Tim Darcy‘s main outfit, Ought, has already established a reputation as being one of Canadian music’s most adventurous bands. As a solo artist, would he expand upon his band’s experimentalism or pursue a more linear, sonic path? The answer lies somewhere in-between on his eye-opening debut album, Saturday Night.
A more apt description of Saturday Night is that it is a microcosm of the vast influences that have guided Darcy’s solo and band work to date. The result is an album that is far from linear, but rather it is filled with surprises. At times, Darcy offers songs that are bold and refreshing, expansive and innovative. Other moments feel familiar as the Montreal-based songwriter takes on the classics. From SUUNS to Leonard Cohen, Elvis Presley to Patsy Cline, and, of course, Ought, the album is wrought with music from the past five decades.

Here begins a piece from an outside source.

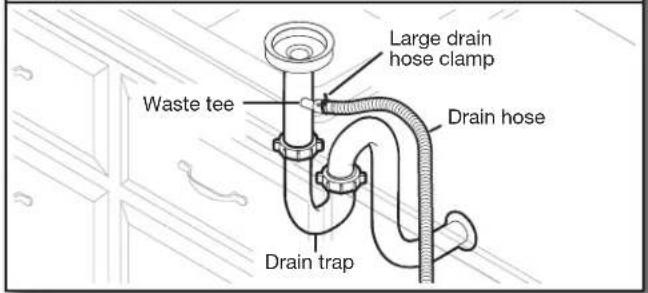 KITCHENAID KDTE334G - Connect drain hose - 5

Saturday Night launches with the first of many surprises with “Tall Glass of Water”, a toe-tapping, rockabilly number that echoes Marlon Williams’ reinvention of the genre. Despite the catchy rock ‘n roll, Darcy’s songwriting chops are the star, as the song is filled with clever lyrics and allegory, such as:
If at the end of the river, there is more river, would you dare to swim again?
Yes, surely I will stay, and I am not afraid. I went under once, I’ll go under once again.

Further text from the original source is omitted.